LIKE IT or not, the balance of power in the marketplace has shifted from sellers to buyers. Buyers have more information at their fingertips and more choices available than ever before. And because of this, if you don’t have a good understanding of your customers then your marketing is going to be akin to throwing mud against the wall in the hopes that something, somewhere sticks.
The trick to knowing your customers? It’s as simple – and as difficult – as turning halfway around so that rather than viewing your business through your eyes, you’re now looking at it through your customers’ eyes.
The more attuned you are to seeing your business through your customers’ eyes, the more successful you will become.
Here then are steps you can take to make this transition…
Ask yourself, “What do your customers need?” What is the customer trying to accomplish and how are you going to help them accomplish it? What’s the result they’re looking for, and why are they going to contact you to get that result?
Understand the context in which they’re seeing your marketing message. Are they getting input from friends and family? From experts? What websites are they visiting? What kinds of offers are they exposed to?
What’s important to your customer? What is your buyer thinking, feeling, doing and saying?
What’s your customers fears? What kind of pain are they in? What keeps them up at night?
What are your customers’ aspirations and goals? What are they seeking, and what do they want to achieve?
Try to get in their head and speak as they would speak and think as they would think. Rather than saying, “My customer is afraid of losing her husband if she doesn’t lose weight,” say it from her point of view. “I’m afraid (terrified?) of losing my husband if I don’t lose this ugly fat.” See the difference? Your goal is to really channel that person and find out what it feels like to be them. As you can imagine, this is going to help you tremendously with your marketing message.
How does your customer perceive you, your business and your product? Your customers want to know how your product is going to really help them, if they can trust you, if they feel comfortable buying from you. Imagine being them: “Is this going to work? Will I get the results I want? “Does this guy know what he’s doing?”
And now we come to an element almost no marketer thinks about – justification. Your customer may have to justify their purchase to a spouse or boss. They’ve got to explain their decision. “What am I going to tell my wife? How will I explain to the boss that this is the best choice?”
Next – what style of buyer is your typical customer? Are they:
– The person who wants to have all the facts and details before they make a decision?
– Spontaneous, living in the moment, disliking details, making quick decisions and afraid they’ll miss out on something great?
– Slow to make decisions, placing others’ needs ahead of their own, looking at the big picture?
– Or are they curious, goal-oriented, highly motivated and focused on doing whatever it takes to be competitive?
Once you understand which general type of buyer your customers tend to be, you can personalize your marketing for that particular type of buyer, all the way from how they like to receive their information to how they make that final buying decision.
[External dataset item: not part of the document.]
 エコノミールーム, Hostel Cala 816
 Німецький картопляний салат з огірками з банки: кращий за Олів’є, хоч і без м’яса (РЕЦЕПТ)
And lastly, where are your customers found? Not only in terms of geographic location, but also in terms of what websites do they frequent, when do they go there, and how can you attract their attention?
The more you can get into your customer’s head, the more you can tailor your products and the marketing of those products to exactly suit your customers, the more successful you will be.
I simply cannot stress this enough: Buyers hold the cards, and until you learn to sit down at the same table with them and play by their rules, your business won’t be nearly as profitable as it could be.